Em dois dos últimos livros por mim lidos, sobre Filosofia, o encerramento tratou da relação entre Filosofia e matemática, uma vez que Carlos Augusto Casanova encerra a obra “Física e Realidade: reflexões metafísicas sobre a ciência natural” com dois apêndices: “Sobre a realidade das matemáticas” e “Notas matemáticas acerca de Hilbert e seus estudos sobre as geometrias não-euclidianas e não arquimédicas”. Vittorio Hösle, por sua vez, em “Interpretar Platão”, igualmente, aborda a matemática nos dois últimos capítulos: “Sobre a filosofia platônica dos números e seu significado matemático e filosófico” e “Fundamentação platônica da euclidicidade da geometria”.

Hösle parte do princípio adotado por Casanova, dizendo este que a matemática não pode ser considerada a primeira das ciências, como exposto no artigo “Hierarquia das Ciências” (https://emporiododireito.com.br/leitura/hierarquia-das-ciencias):

“Casanova, todavia, acertadamente, rejeita a ideia segundo a qual a matemática seria a primeira das ciências, aludindo à Metafísica de Aristóteles para aduzir que a matemática supõe axiomas primeiros, que não são por ela estudados, declarando que a física é subordinada à matemática que, por sua vez, é subordinada à metafísica, porque é esta última que tem como objeto o princípio de não-contradição, pressuposto tanto pela física como pela matemática, das quais não é alvo de estudo.

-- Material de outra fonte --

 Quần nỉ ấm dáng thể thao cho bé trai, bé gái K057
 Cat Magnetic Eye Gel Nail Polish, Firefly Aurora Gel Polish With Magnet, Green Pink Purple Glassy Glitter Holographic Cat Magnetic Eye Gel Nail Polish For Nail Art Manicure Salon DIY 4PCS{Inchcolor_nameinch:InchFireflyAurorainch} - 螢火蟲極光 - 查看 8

‘Ora, uma disciplina que supõe o axioma fundamental, que não o considera, não pode ser tida como a primeira de todas. Mas é óbvio que a disciplina que em sua etapa ‘demonstrativa’ (não somente ‘inventiva’) considera o princípio de não-contradição é a metafísica. Somente ela, portanto, possui o título para reclamar a primazia entre as ciências’ (Idem, p. 53 – negrito meu).”

Vittorio Hösle destaca Platão como o primeiro a reconhecer que a matemática não pode ser fundamentada a partir de si mesma “na medida em que o critério de consistência formal permite a formação de sistemas opostos”, do que decorre “a deficiência, por princípio, de qualquer forma de filosofia que tome por modelo o método matemático”, exigindo-se um método mais consistente que a matemática para que se possa chegar à verdade possível, o que depende de um fundamento iniludível que é, segundo Platão, “o pensamento do pensamento, que se fundamenta reflexivamente, em última instância, pois se fundamenta a si mesmo, no pensamento dos princípios e da mais altas Ideias” (Vittorio Hösle. Interpretar Platão. Trad. Antonio Celiomar Pinto de Lima. São Paulo, SP: Edições Loyola, 2008, p. 163).

Hösle esclarece a divergência filosófica entre Platão e Aristóteles no estabelecimento de uma ordem para as ciências, porque o primeiro entendia que a hierarquia tinha a metafísica no topo das ciências, seguida pela matemática e depois pela física; enquanto o segundo ordenava o conhecimento partindo da metafísica, sucedida pela física, estando a matemática em terceiro lugar na importância científica. Salienta, por fim, que “com essa subordinação da matemática à física está dada, obviamente, uma opção pela geometria; afinal, são corpos e grandezas, não números, que, enquanto movidos, são objeto da física” (Idem, p. 173).

É possível entender que os dois grandes nomes da filosofia grega tinham abordagens distintas da natureza, pois Platão desenvolveu a doutrina das ideias, tentando explicar o Ser em sua concepção permanente, que transcende as aparências corporais, enquanto o foco de Aristóteles estava no movimento de transformação do Ser, tendo estudado as causas que levam o Ser de um estado a outro.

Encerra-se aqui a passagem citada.